Now, with no building and a small membership, the Post is scheduled to be dissolved by June 2024. In the meantime, veterans here are carrying on old traditions and creating new ones.
Keeping up its tradition of community service, the Post is disbursing its remaining funds to public and private educational and service organizations. The Post donated $50,000 to Cape Cod Community College and another $50,000 to the nonprofit Heroes in Transition at a Marine Corps birthday dinner at Montano’s Restaurant in North Truro on Nov. 12.
Three generations of descendants of the family of Lewis A. Young, for whom the VFW Post is named, were present for the celebration.
The Post began marking the birthdays of the various services in 2014. “The Marine Corps birthday on Nov. 10 has always been treated as a holiday within the Corps,” said retired Marine Corps Capt. Andy Fingado, “and I wanted to extend that same spirit to all the service branches.” The celebrations honor their histories and recognize the military service of Outer Cape residents.
After the Pledge of Allegiance and a prayer, retired U.S. Army Lt. Col. John Dundas offered opening remarks and presented the Post’s donations. Kathy McNamara, chief executive officer of the Cape Cod Community College Educational Foundation, accepted the first one. The $50,000 donation, she told the crowd, will be used to establish an annual scholarship in the name of Provincetown veteran Manny Motta.
Motta, born in 1931, left his hometown and school in Provincetown at 17 to join the Army. He served in the field artillery of the First Cavalry Division during the Korean War. Motta was killed three weeks before his 19th birthday in a North Korean night ambush. He was the only soldier from the Outer Cape killed in that “forgotten war,” according to Dundas.
The inaugural Manny Motta scholarship will be reserved for a student veteran, McNamara said, and will be awarded in 2024. With the $50,000 earning interest, each year’s scholarship will be approximately $2,500, she said.

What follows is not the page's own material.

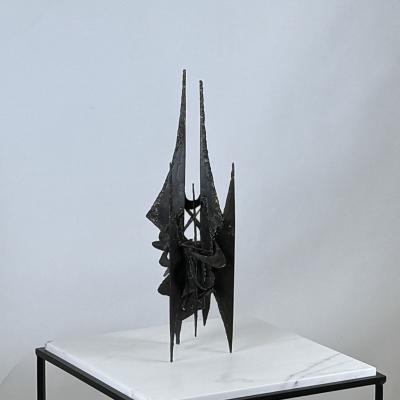 Small Decorative Brutalist Sculpture on Brass Stand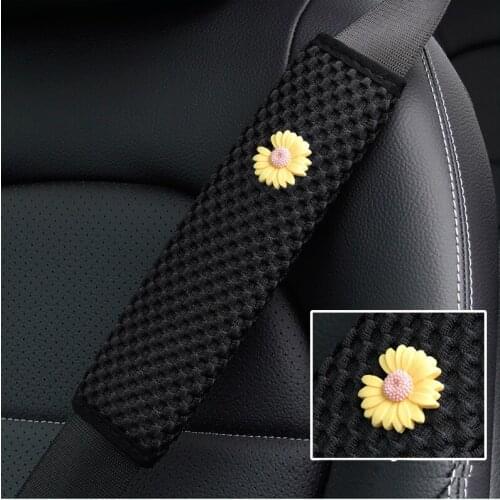12 Styles Car Safety Belt Cover Protector Breathable Cloth Seat Belt Adjuster Protection Shoulder Pad Cute Flower for Girl Woman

Nicole Spencer, executive director of Heroes in Transition, accepted a $50,000 check on behalf of her organization. Heroes in Transition was founded in 2009 by Cyndy Jones in memory of her son, Marine Capt. Eric Jones, who died in Afghanistan that year. Known as HIT, the nonprofit provides assistance to veterans, service members, and their families, in ways “not readily available from government agencies or other providers,” according to its website.
Spencer said HIT’s programs range from direct financial assistance to providing service dogs from Assistance Dog International-accredited schools. HIT even offers a three-weekend immersive equestrian experience to promote healing from trauma.

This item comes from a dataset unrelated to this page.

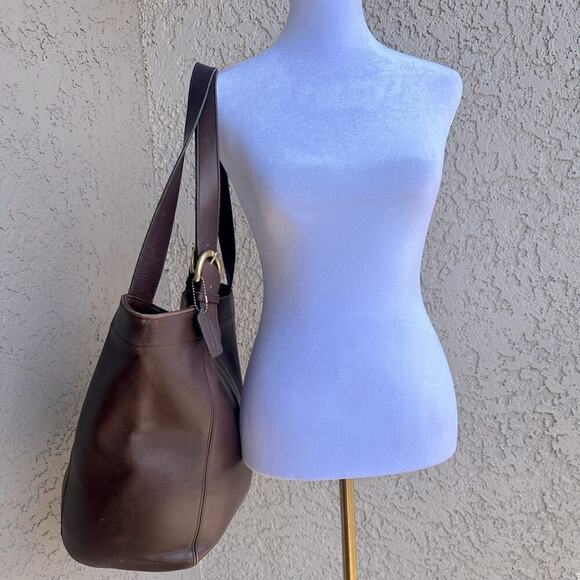 COACH Vintage Duffle Soho XL Vermillion in Dark Brown Leather Bag Purse 4082 CR - Picture 3 of 16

The program closest to Spencer’s heart, she said, is called Ruck4HIT. It was created in 2016, when a team of 12 runners and 4 drivers “rucked” — that is, they ran with weighted rucksacks on their backs — for 41 hours from Ground Zero in New York to Falmouth.
The event has become a popular relay race in which more than a dozen teams and over 125 participants run through each town on Cape Cod wearing rucksacks that symbolize the burdens service members and veterans carry.
VFW Post Commander Craig Butilier has served as a driver for the race, which will be in Provincetown on April 26. Volunteer opportunities for runners, night support runners, drivers, and sponsors are listed on the event’s website.
The VFW’s next service birthday party will be Dec. 3 and will celebrate the National Guard.